#### Data to process

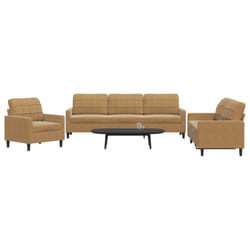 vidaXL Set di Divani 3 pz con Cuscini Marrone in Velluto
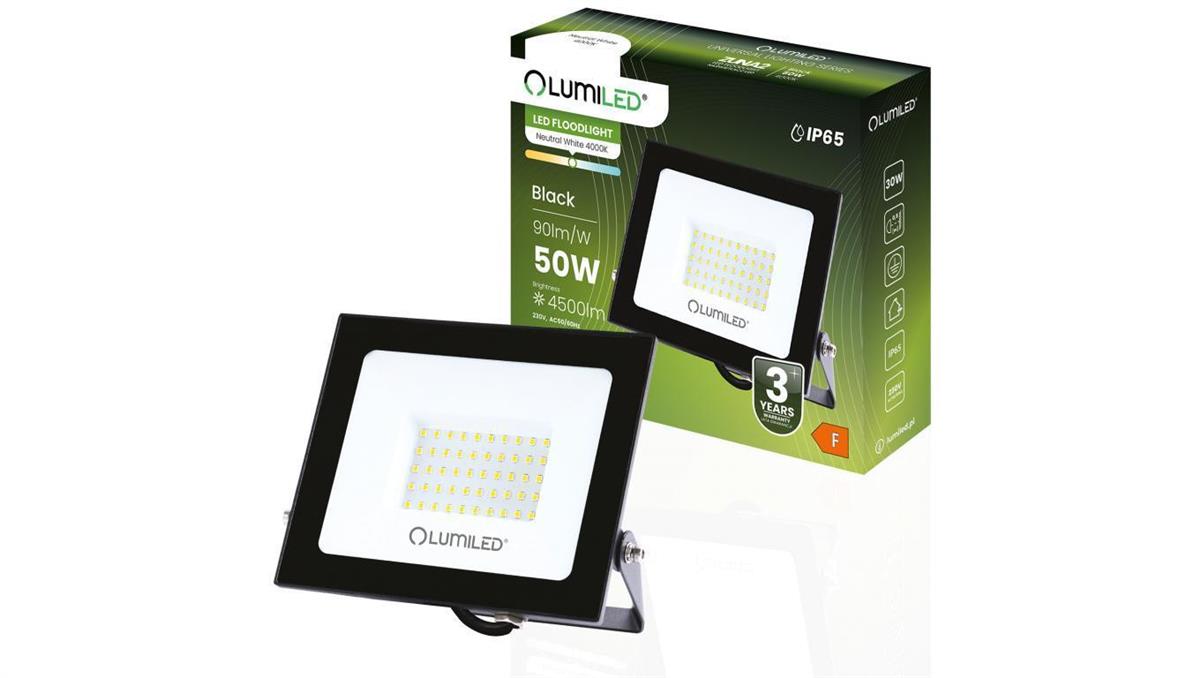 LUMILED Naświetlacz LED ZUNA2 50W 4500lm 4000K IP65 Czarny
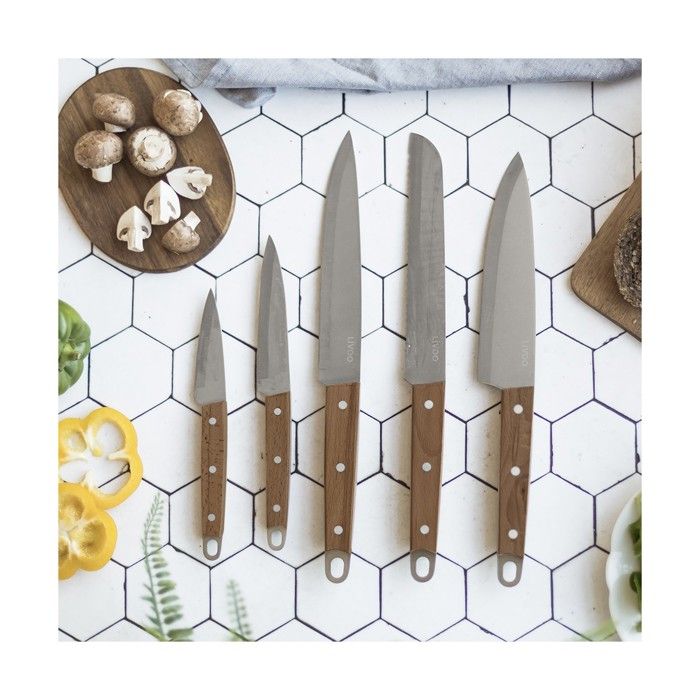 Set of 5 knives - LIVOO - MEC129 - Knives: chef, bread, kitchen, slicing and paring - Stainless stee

########
#### Data to process

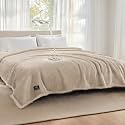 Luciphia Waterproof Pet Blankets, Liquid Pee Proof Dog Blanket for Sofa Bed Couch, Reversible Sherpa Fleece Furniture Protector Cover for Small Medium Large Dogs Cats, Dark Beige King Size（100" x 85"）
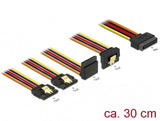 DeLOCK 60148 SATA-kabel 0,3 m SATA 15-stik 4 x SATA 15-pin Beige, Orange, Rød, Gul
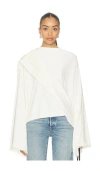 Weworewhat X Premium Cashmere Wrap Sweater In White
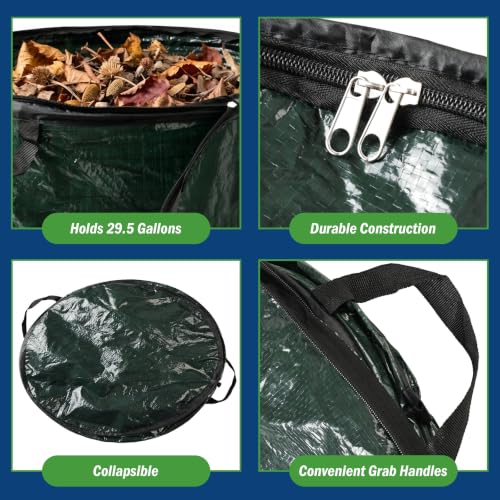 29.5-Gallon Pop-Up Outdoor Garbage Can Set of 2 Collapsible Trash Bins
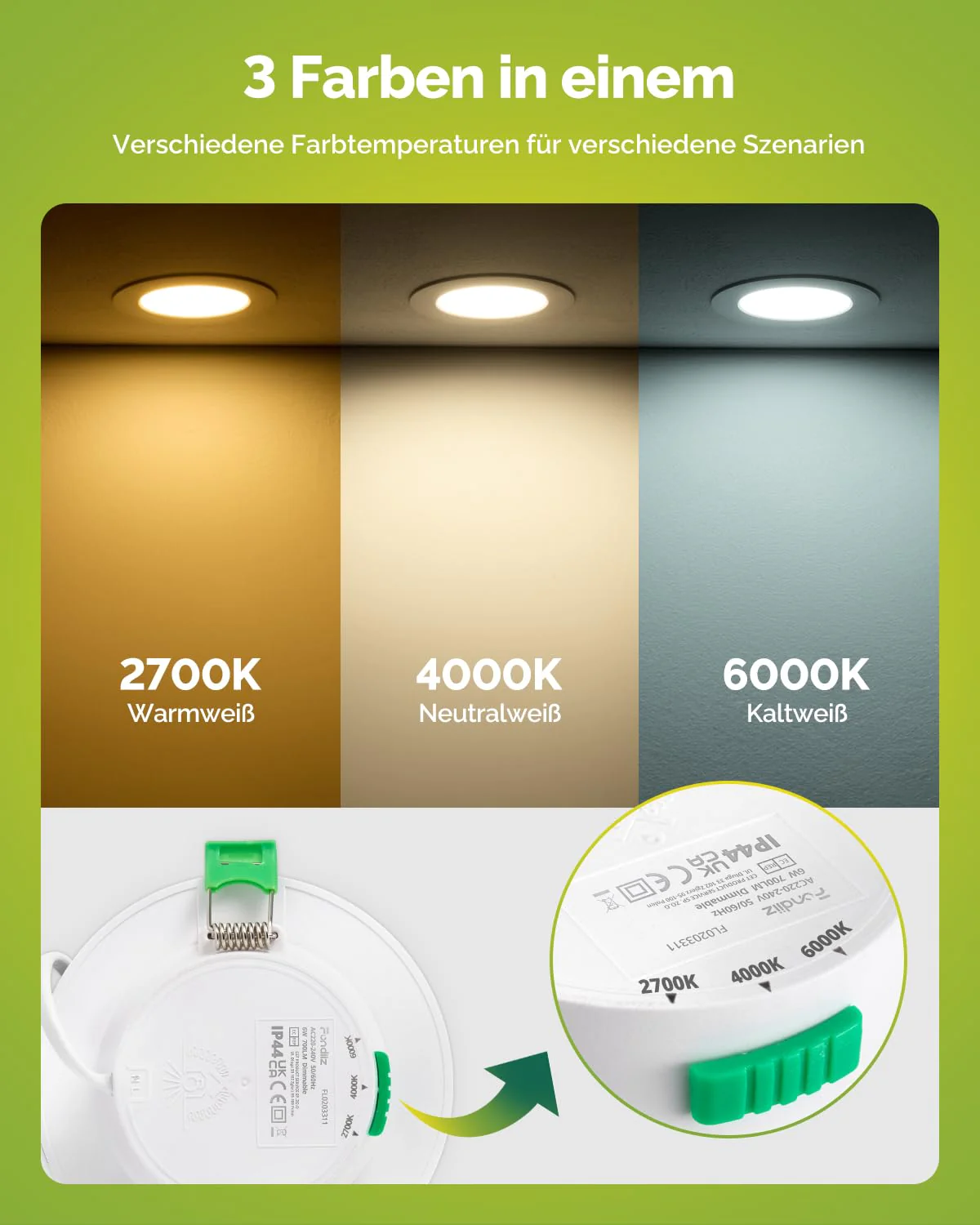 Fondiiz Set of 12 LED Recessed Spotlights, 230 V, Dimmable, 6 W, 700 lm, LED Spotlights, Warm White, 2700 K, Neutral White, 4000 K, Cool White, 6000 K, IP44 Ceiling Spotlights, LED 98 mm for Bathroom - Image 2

########

What you need to do =>
In the listing above, find the line with "vidaXL Set di" and the line with "Set of 5 knives". Output both, plus every line between them, and no pictures.

Answer section =>
 vidaXL Set di Divani 3 pz con Cuscini Marrone in Velluto
 LUMILED Naświetlacz LED ZUNA2 50W 4500lm 4000K IP65 Czarny
 Set of 5 knives - LIVOO - MEC129 - Knives: chef, bread, kitchen, slicing and paring - Stainless stee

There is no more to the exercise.